There is an urgent need to devise a policy framework that aims at creating a diversified domestic manufacturing industry for solar modules as well as ancillary products, that could significantly reduce its import dependence, ensure a self-sufficient, sustainable, and affordable machinery access, and generate greater employment opportunities. According to a McKinsey Report, many of India’s manufacturing value chains enjoy advantages that could help power them to rapid growth. India’s natural resources (for example, iron ore, bauxite, high solar insolation, and cotton) and low-cost labour are a boon to makers of basic metals, textiles and apparel, renewable energy, and chemical products. Further, the country’s large numbers of well-trained workers lend strength to skill-intensive value chains such as pharmaceutical formulations, capital goods, and automotive components. The makers of fast-selling technology products, for example, enjoy ready access to millions of Indian consumers.

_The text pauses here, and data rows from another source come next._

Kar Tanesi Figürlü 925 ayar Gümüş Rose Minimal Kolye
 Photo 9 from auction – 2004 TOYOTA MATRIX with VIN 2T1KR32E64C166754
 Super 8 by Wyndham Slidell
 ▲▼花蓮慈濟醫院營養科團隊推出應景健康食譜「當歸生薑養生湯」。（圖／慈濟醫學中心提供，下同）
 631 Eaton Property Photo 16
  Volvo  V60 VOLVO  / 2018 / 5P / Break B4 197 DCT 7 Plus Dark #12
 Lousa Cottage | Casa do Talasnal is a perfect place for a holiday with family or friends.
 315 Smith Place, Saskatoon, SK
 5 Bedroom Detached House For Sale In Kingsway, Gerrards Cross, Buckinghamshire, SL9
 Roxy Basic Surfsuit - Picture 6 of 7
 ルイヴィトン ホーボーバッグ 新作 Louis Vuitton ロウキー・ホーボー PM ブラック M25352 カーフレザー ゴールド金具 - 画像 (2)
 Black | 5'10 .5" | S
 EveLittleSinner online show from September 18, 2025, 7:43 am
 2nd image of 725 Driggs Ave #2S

In the 2020-21 budget, our Finance Minister emphasised the need to push our flagship programme ‘Make in India’ by incentivising manufacturing and providing a fillip to exports. Even with the emergence of digital factories and E-commerce platforms, buying trends are shifting online which makes the markets bigger in terms of consumers. Additionally, to tackle this factor, more and more workforce will be trained to build a digital workforce.

COVID-19 has certainly pushed us to the fore. Amidst this, one of the sectors that have been impacted are the local manufacturers. Going forward, India is set to be a future powerhouse in terms of manufacturing and exports. Consequently, the economy is set to grow in the coming years.